* [Task objective] Copy out the data that comes next, character for character, and leave the images aside.

##### Data provided

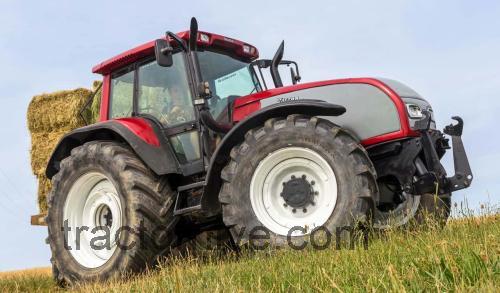 Valtra T160 specs and reviews 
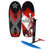 Phase 5 Gadget Wake Board Super Nova Foil Package Phase 5 Gadget Wake Board Super Nova Foil Package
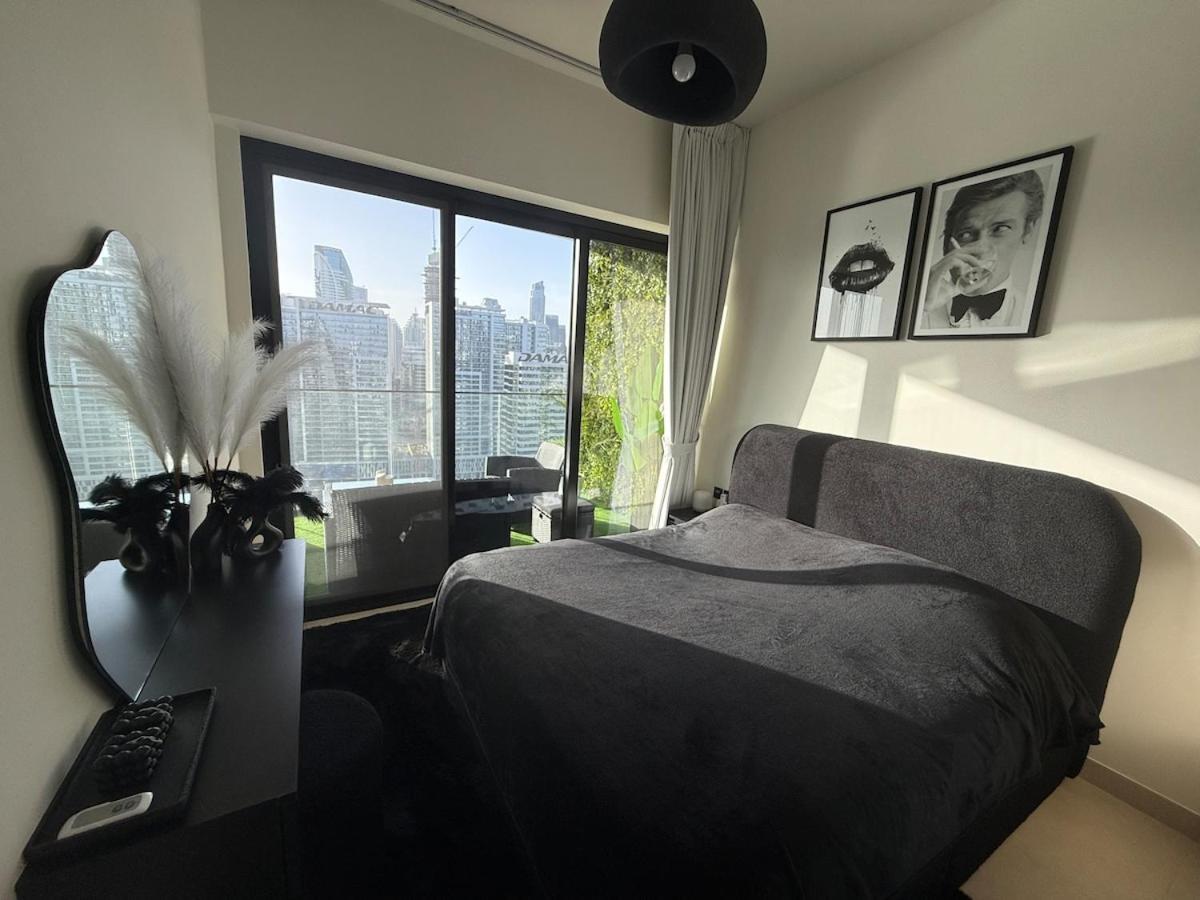 Elegant & Luxury 2Br Apartment Burj And Canal View Sabkhah Εξωτερικό φωτογραφία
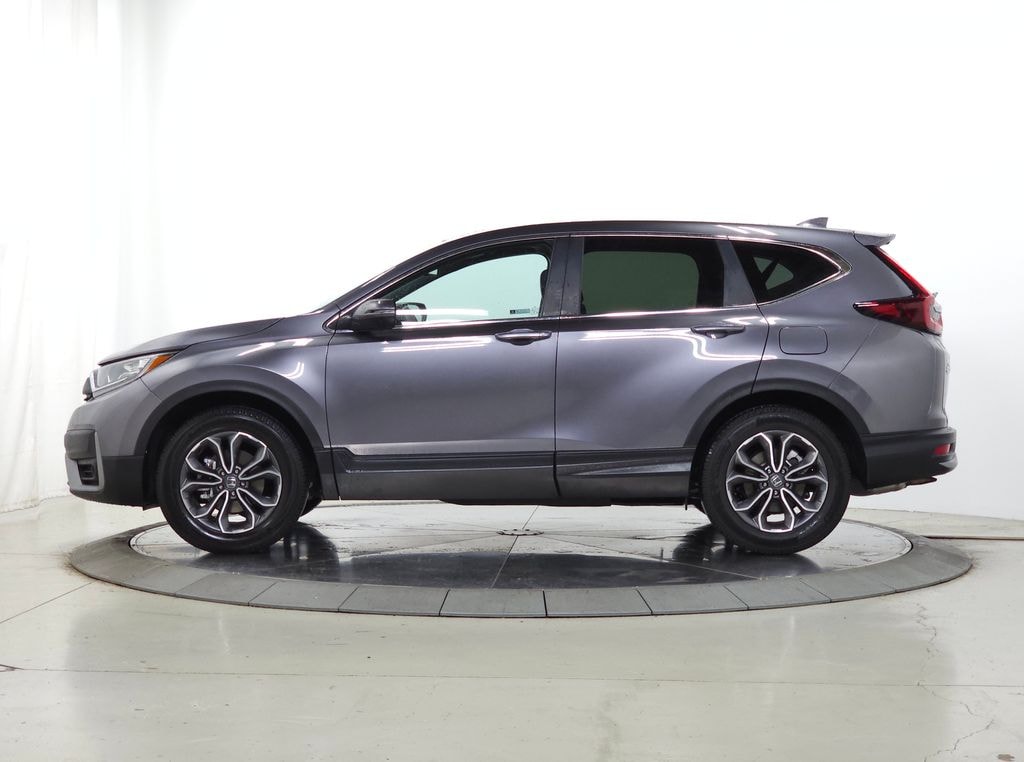 Used 2021 Honda CR-V EX-L AWD SUV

##########

* [Solution to this task]
 Valtra T160 specs and reviews 
 Phase 5 Gadget Wake Board Super Nova Foil Package Phase 5 Gadget Wake Board Super Nova Foil Package
 Elegant & Luxury 2Br Apartment Burj And Canal View Sabkhah Εξωτερικό φωτογραφία
 Used 2021 Honda CR-V EX-L AWD SUV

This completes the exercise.